Our journey to forgiveness continued in March when Pulitzer prize-winning photographer Nick Ut and Vietnam War correspondent, Chris Wain joined FTWT in Vietnam, where they and a group of our students revisited the site where the story began and the photograph was taken. ABC News video journalists David Ono and Jeff MacIntyre also accompanied the group to shoot a documentary to commemorate Nick, Kim and the photo that changed both their lives. The first segment of the footage, released May 8th and streamable here, explores the role of educational travel in promoting peace through global consciousness. David Ono and Jeff MacIntyre follow FTWT students as they visit Kim’s family home, the Coadai Temple and the infamous highway (Route One), where Kim Phuc first met Nick Ut and Chris Wain.
It was almost 40 years ago, when on June 8th, 1972 South Vietnamese soldiers dropped napalm on the small village of Trang Bang, nestled in the countryside about 25 miles Northwest of Saigon. The firebomb struck the Caodai temple, where many villagers had taken refuge, surrounding them in a wave of liquid fire.
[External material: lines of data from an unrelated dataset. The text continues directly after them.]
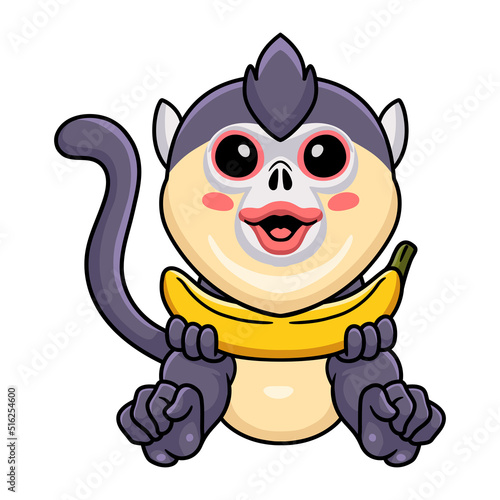 Cute little snub nosed monkey cartoon holding a banana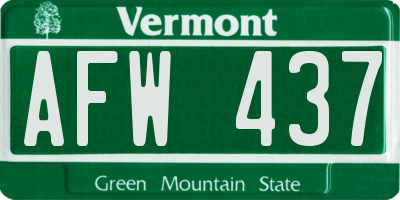 VT license plate AFW437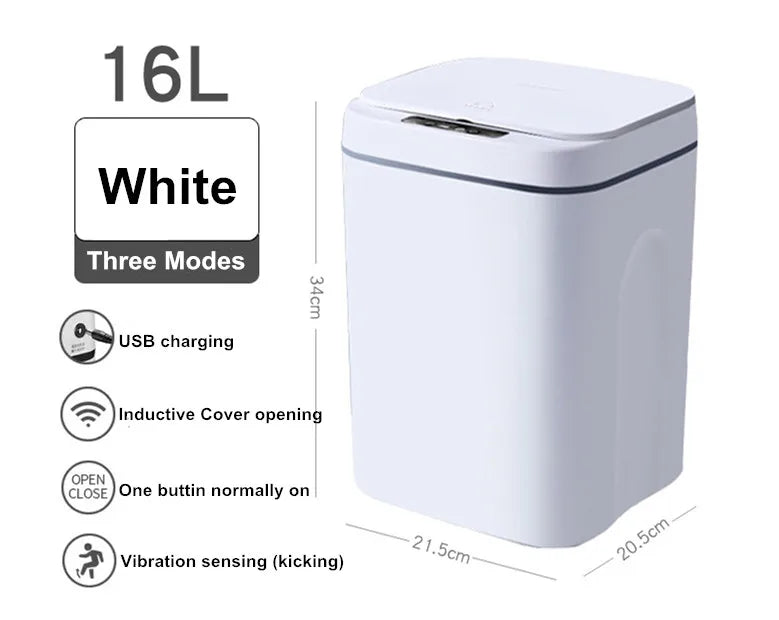 Touchless 16L Sensor Trash Can - Smart Waterproof Kitchen  Bathroom Wastebin - ZOOMNSTORE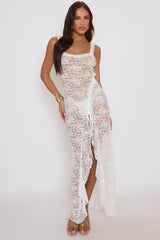 White Lace Ruched Side Cami Dress - Shayma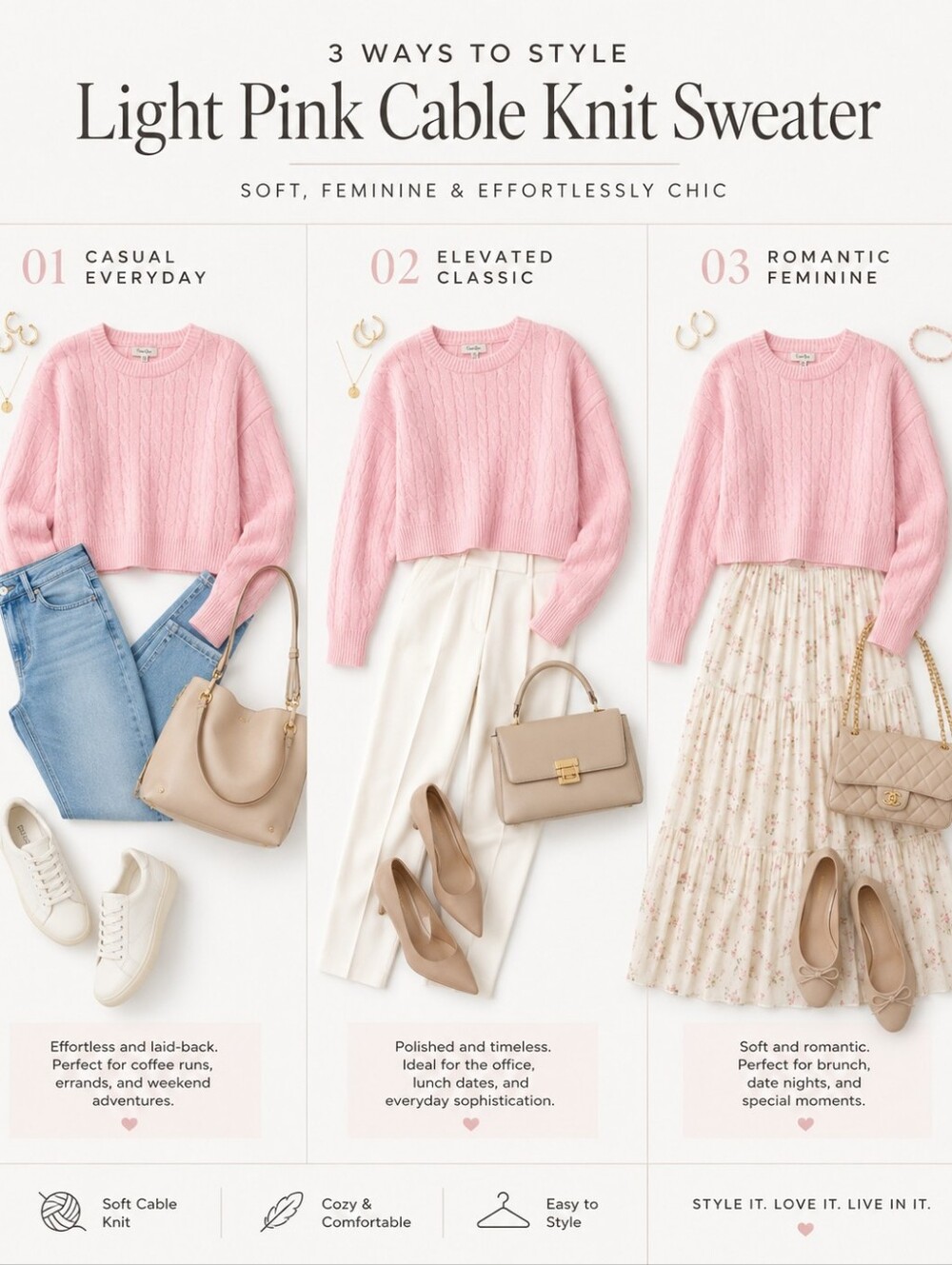 Faded Rose | Pink Cable Knit Cropped Sweater | Medium | Soft Feminine Cozy - Picture 3 of 8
Among the children who emerged screaming from the firestorm was a 9 year-old girl (Phan Thi Kim Phuc), her clothes ripped off and body ablaze. The children fled down Route One towards a group of journalists who had been stationed only 400 meters from the explosion. Among them, photographer Nick Ut, who just had time to snap what would become one of the most haunting images of the war, before rushing Kim to the hospital to save her life.
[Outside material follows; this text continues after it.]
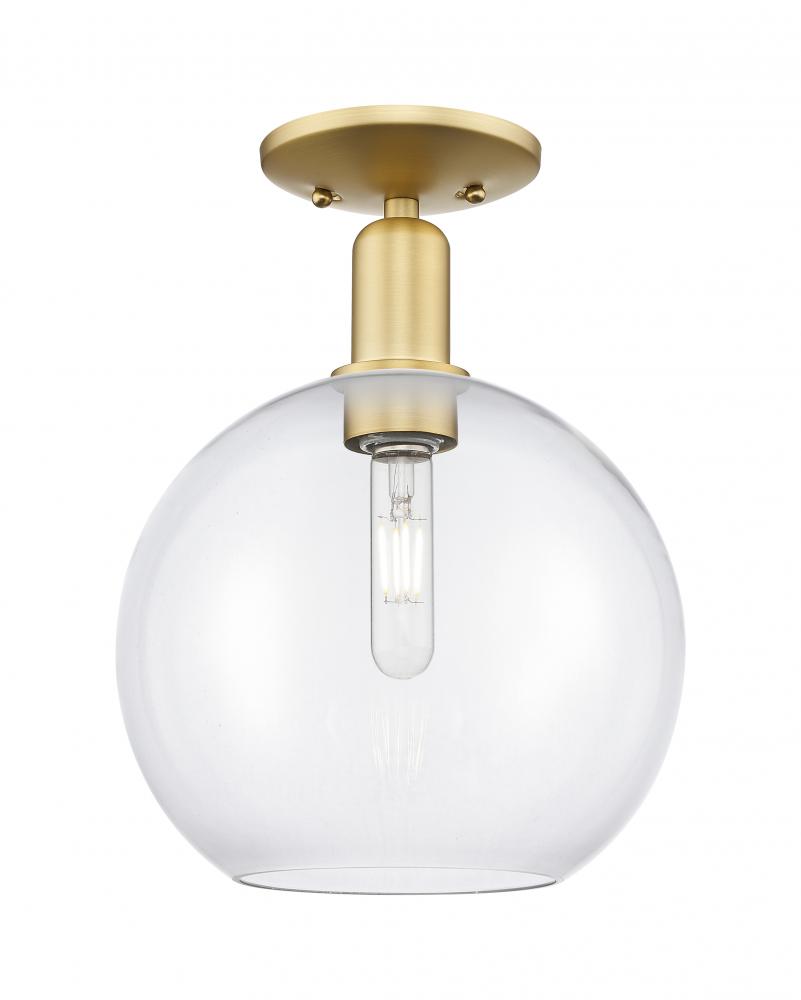 Athens - 1 Light - 10 inch - Satin Gold - Semi-Flush Mount
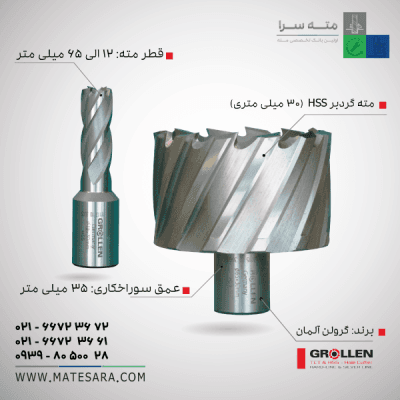 خرید مته گردبر HSS عمق سوراخکاری ۳۰ میلیمتر (گرولن)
"Forgiveness made me free from hatred. I still have many scars on my body and severe pain most days but my heart is cleansed. Napalm is very powerful, but faith, forgiveness, and love are much more powerful. We would not have war at all if everyone could learn how to live with true love, hope, and forgiveness. If that little girl in the picture can do it, ask yourself: Can you?" --Kim Phuc, "The Girl in the Picture" from “The Long Road to Forgiveness”
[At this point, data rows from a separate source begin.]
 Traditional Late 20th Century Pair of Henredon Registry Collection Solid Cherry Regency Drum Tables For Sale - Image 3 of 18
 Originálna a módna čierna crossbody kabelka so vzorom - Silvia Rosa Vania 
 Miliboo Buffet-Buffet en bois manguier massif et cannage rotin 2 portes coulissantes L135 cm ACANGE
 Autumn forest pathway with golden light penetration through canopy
It’s hard to imagine how a story that began as a lesson in the abominations of war could evolve into a saga of friendship and forgiveness, but Kim Phuc has demonstrated that love is much more powerful than hate. Kim and Nick remain close friends to this day, and as time progressed, Kim began to see the image as a powerful gift; she could take control of its symbolism and use her profile to promote peace. Now Kim Phuc is a UNESCO Goodwill Ambassador for a Culture of Peace and has become an international symbol of civilian suffering brought on by war. Kim established her non-profit, The KIM Foundation International to help children who are victims of war. Children who, like herself, needed treatment to care for wounds, burns and broken bones inflicted during conflict.
At FTWT, we believe that it is essential for youth to have a global consciousness in matters of war and piece. As Kim explained in “The Long Road to Forgiveness,” love, hope and forgiveness are the most powerful weapons in the fight towards peace. Armed with cameras and open hearts our students joined Nick Ut and Christ Wain on a journey into Vietnam’s living history. By revisiting the places of past atrocities, by putting a face to the once faceless “enemy” and victim, Ut and Wain shared with us an invaluable lesson in the power of both journalism and friendship. 40 years later, long after American troops receded from the beaches of Danang, Nick’s photograph and Kim’s message resonate as loudly and as clearly as ever before. Violence is not the only way to leave a lasting impact; words and images can reveal truths that even bombs and bullets cannot destroy.